Subtitle

Warning: Expect foul language. I often blog when sleep deprived, and even when I'm not sleep deprived I cuss.
Warning the second: TMI often occurs. Read at your own risk. Feel free to laugh at my expense (I know I do!).
Warning the third: I suppose I should just put a general Trigger Warning here. I talk about mental illness (Anxiety, panic disorder, depression, social shit), abuse (rarely), and my fucked up relationship with food. And...other things. Actually, just consider this a general warning: If you might be triggered by things, you probably should read no further.

Thursday, July 26, 2012

Talking with friends

So I was chatting with an old friend online. We don't talk much, but we generally have good conversations when we do. She's been teaching overseas for...God...Four years now? Something like that. In any case, she's been teaching in Korea and is heading to Japan tomorrow. We have a lot of issues in common (anxiety and fibromyalgia mainly). It's so nice to know other people with similar problems. Because knowing that she can do it gives me hope.
I still don't know if teaching English is what I'd like to do. I mean, I know linguistics and Language are major interests of mine (for even longer than libraries and books have been, honestly) but I don't know if that means I want to teach. But knowing that it IS an option and might be something I'd like to do...means a lot. I don't want to get in an education in a field because some charts and projections say it'll get me a job. I want to get my degree in something I love and figure out a way to translate that into a job I can tolerate.
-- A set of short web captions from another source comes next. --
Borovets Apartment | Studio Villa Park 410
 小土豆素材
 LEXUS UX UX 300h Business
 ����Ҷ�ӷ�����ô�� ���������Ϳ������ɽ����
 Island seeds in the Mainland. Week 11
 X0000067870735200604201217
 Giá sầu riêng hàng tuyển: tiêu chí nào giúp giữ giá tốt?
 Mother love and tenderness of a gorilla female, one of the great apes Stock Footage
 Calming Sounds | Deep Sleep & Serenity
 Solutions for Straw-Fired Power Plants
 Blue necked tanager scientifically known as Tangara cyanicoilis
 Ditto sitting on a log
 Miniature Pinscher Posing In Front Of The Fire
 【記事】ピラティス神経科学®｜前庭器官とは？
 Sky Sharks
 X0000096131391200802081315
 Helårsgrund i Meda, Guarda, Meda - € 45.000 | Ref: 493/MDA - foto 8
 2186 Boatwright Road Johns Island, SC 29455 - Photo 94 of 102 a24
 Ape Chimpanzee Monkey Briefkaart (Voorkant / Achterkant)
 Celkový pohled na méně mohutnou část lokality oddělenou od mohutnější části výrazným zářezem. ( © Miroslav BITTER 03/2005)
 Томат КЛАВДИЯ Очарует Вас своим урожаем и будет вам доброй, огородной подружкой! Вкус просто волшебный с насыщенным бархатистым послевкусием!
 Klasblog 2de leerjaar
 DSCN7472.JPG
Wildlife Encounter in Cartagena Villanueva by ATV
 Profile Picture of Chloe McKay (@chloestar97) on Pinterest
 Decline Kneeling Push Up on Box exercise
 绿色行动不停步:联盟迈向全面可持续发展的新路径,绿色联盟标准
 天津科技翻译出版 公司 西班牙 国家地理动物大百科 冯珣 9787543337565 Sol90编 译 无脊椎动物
I don't need to love my job, I just need my future job not to make me worse physically, mentally, and emotionally. I find fulfillment in my interpersonal relationships. The only thing that made my last job bearable was those relationships. My customers, my coworkers, *they're* what made me able to hold that job for over five years.
I'm not a naive youngster, though sometimes I'm sure I still seem so. I know what it means to compromise, and what's more important is that I've learned when it is NOT appropriate to do so. I know how to find happiness, and I will succeed in doing so. In five years I want to read this and say "Damn Straight"...which makes me giggle because it's late and I'm not. Straight, that is.